Imagine a country where the chief justice and many leading judges fear for the future of justice and civil liberties because the government of that country has eroded civil liberties in the name of countering terror and has reduced support for those of limited means, and vulnerable people, to fight their corner and pay for lawyers.
Imagine a country where people are imprisoned without charge for 28 days (42 days was defeated).
Imagine a country where the right to speak freely is restricted and individuals can be threatened by lawyers who can simply telephone a judge in Chambers to restrict them from speaking out, on what may well be a matter of great public importance, to protect sectional and very private corporate interests, where attempts to restrict the reporting of the proceedings of the press are routinely granted through the use of super-injunctions and, latterly, a country with laws which allowed lawyers to attempt to restrict the reporting of proceedings in parliament itself.
Imagine a country that leads the world in CCTV surveillance with more cameras per head of population than any other on Earth.
Imagine a country where not only the police but local authorities and other civilian bodies can routinely spy on you, intercept your email, bug your phone and can intrude to examine your bank accounts and then, even for quite minor offences, can seize your assets, freeze your bank account and seize and crush your car; powers intended to tackle terror and organised crime but which now will, inevitably, be used for far less serious offences.
Imagine a country which has restricted the money paid to experienced criminal lawyers with the result that many lawyers can no longer afford to practice in the field and the quality of representation may decline as a result.
Imagine a country with over 85,000 people in jail, a country where the Justice Ministry wants yet more prisons and even considered hiring prison ships from elsewhere.

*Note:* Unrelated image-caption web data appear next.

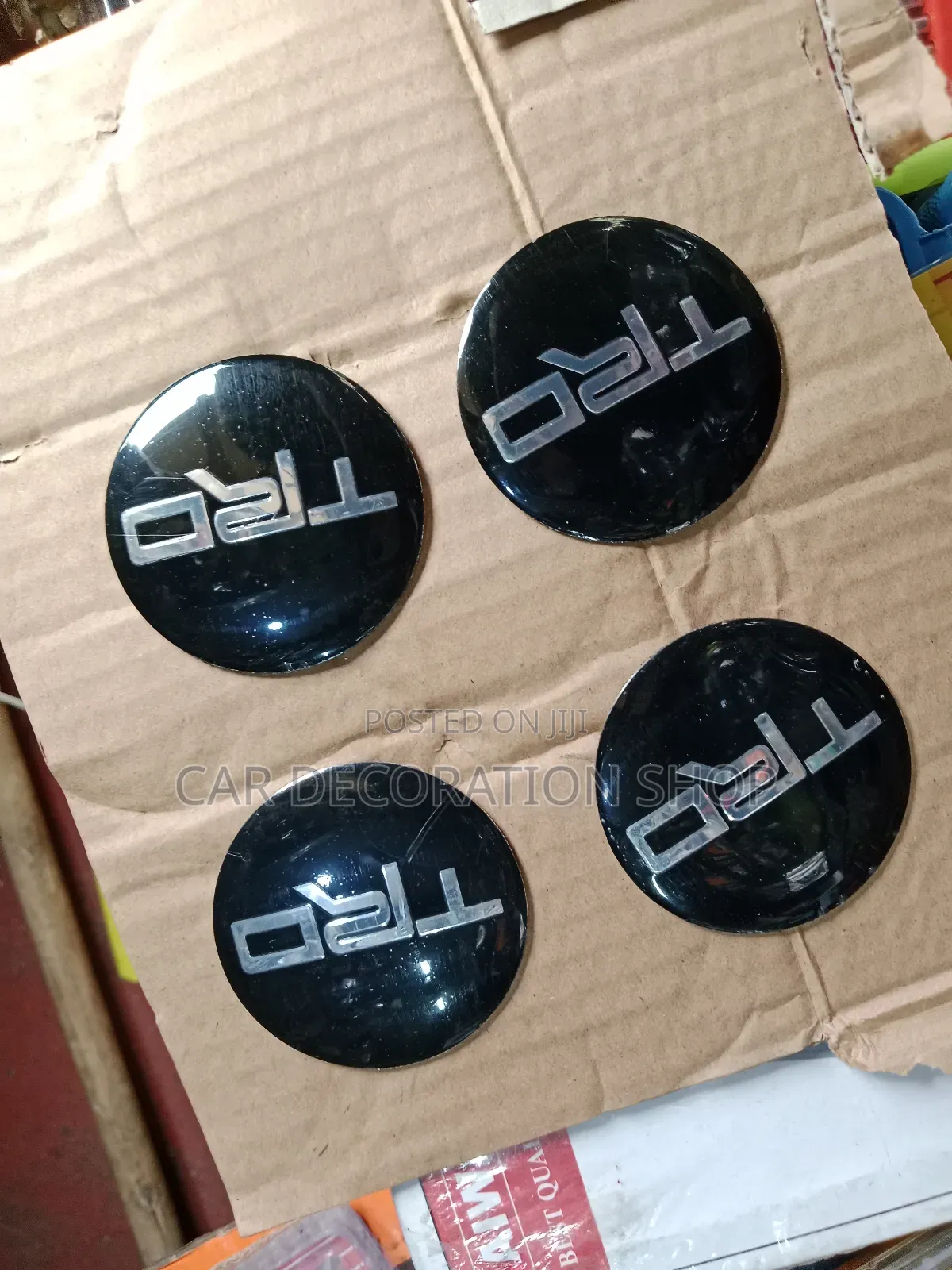 4pcs TRD Unietsal Stick on Rim Centre Cap Logo Stickers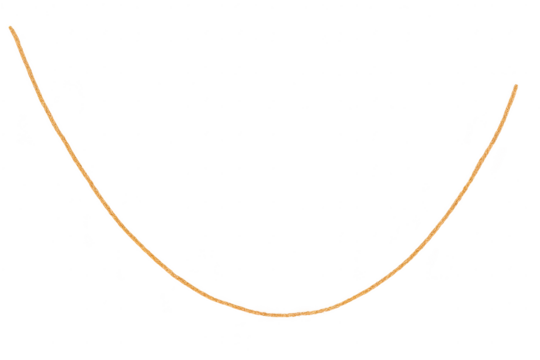 U-shaped natural fiber rope, textured and golden-brown, isolated on transparent background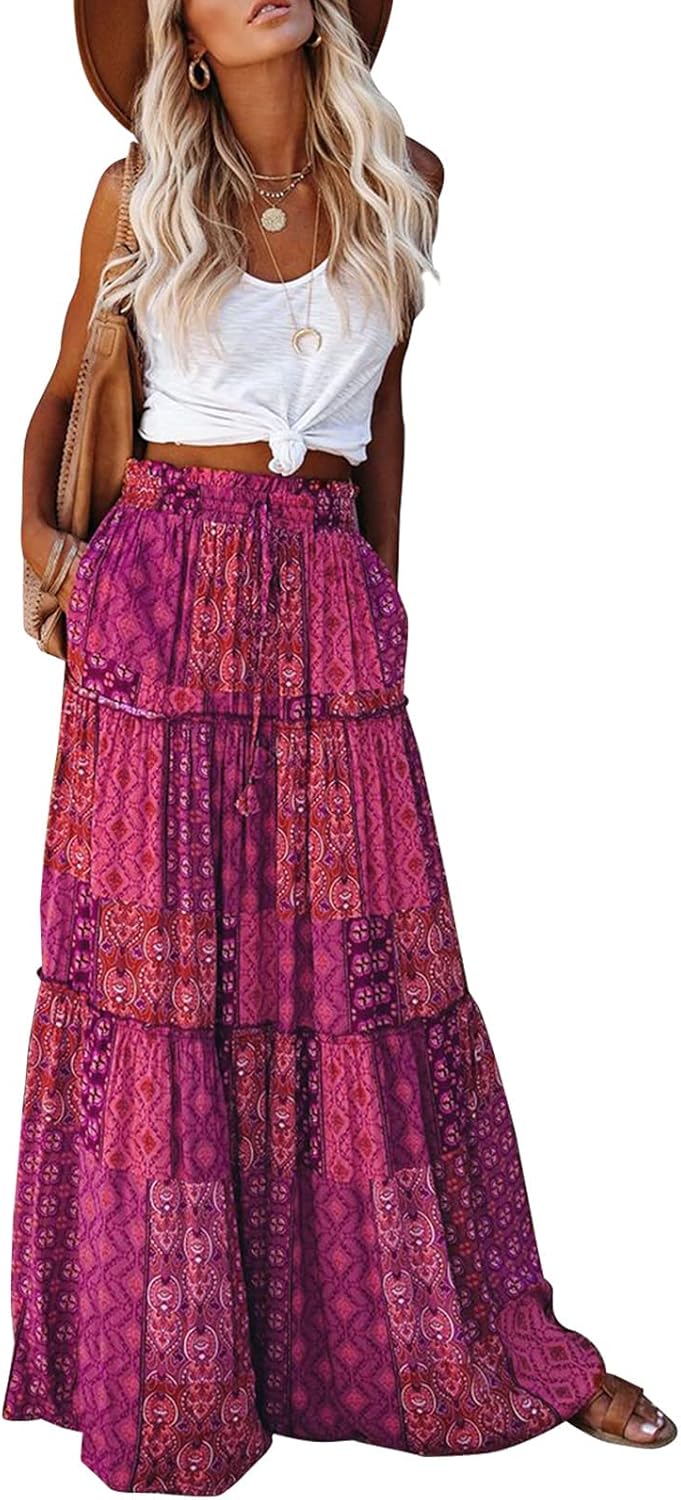 EARKOHA Womens Casual High Waist Tie Maxi Skirt with Pockets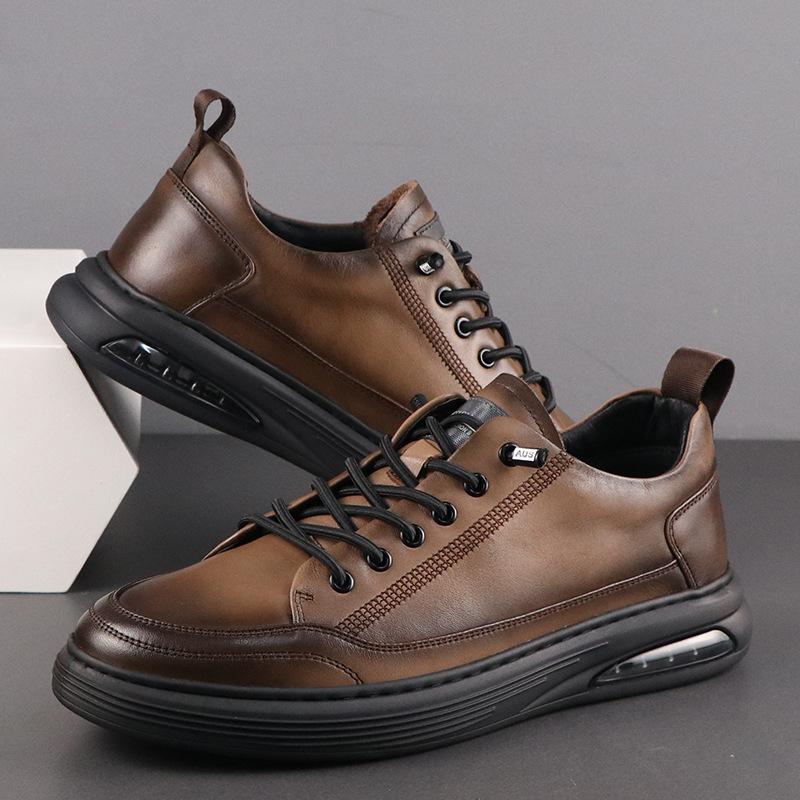 Brown cushioned leather shoes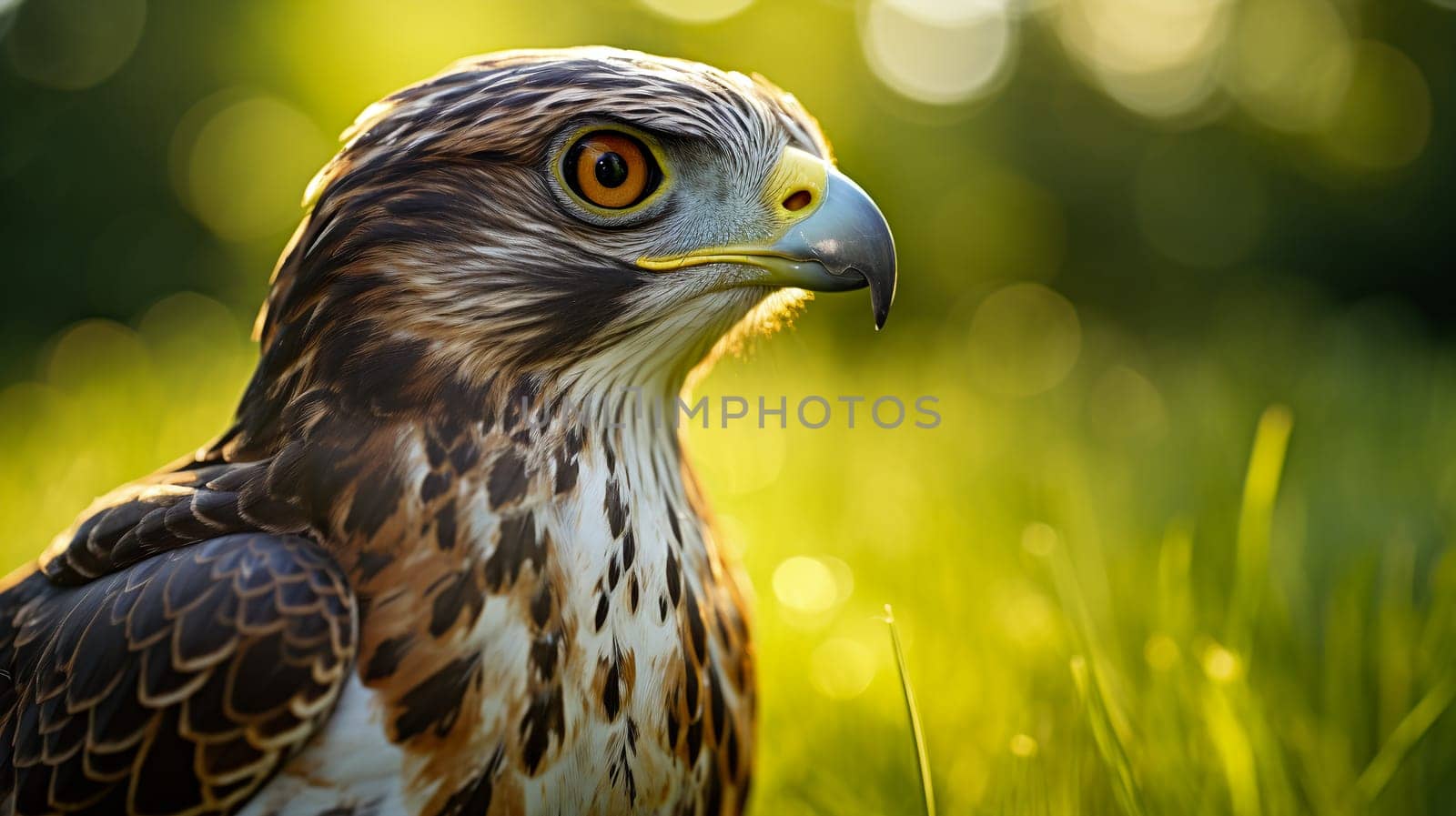 Majestic bird of prey in Sunlit Field by chrisroll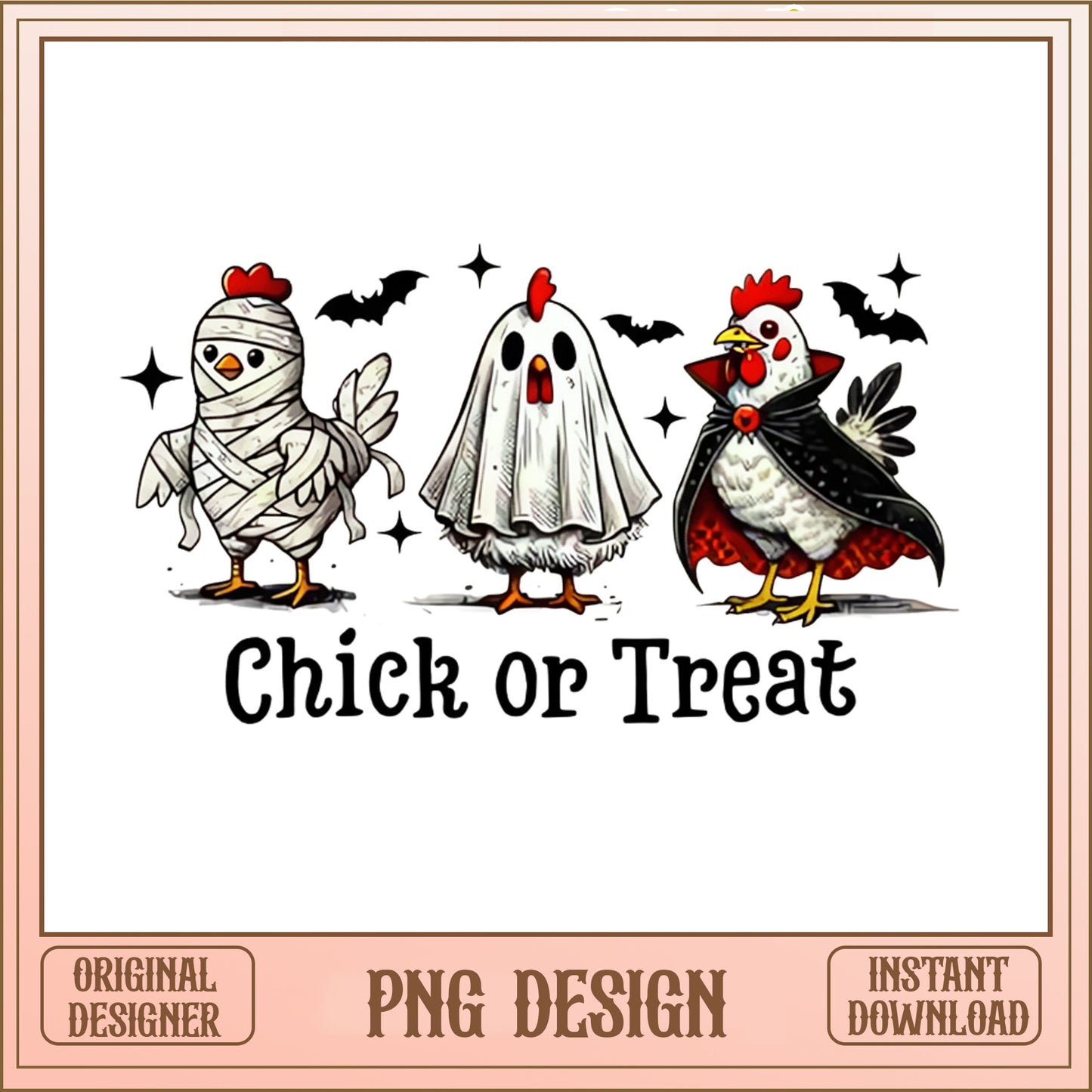 Chick Or Treat Halloween PNG, Funny Chicken Halloween PNG, Spooky PNG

Imagine a country where the government uses the device of statutory instrument to slide controversial legislation through into law without the eyes of the public, expert commentators or members of parliament being able to see, or objective minds, to consider those laws.
Imagine a country that allows the prime minister to wage war without the consent of the elected representatives of the people…
You don’t need to imagine such a country. You are living in it.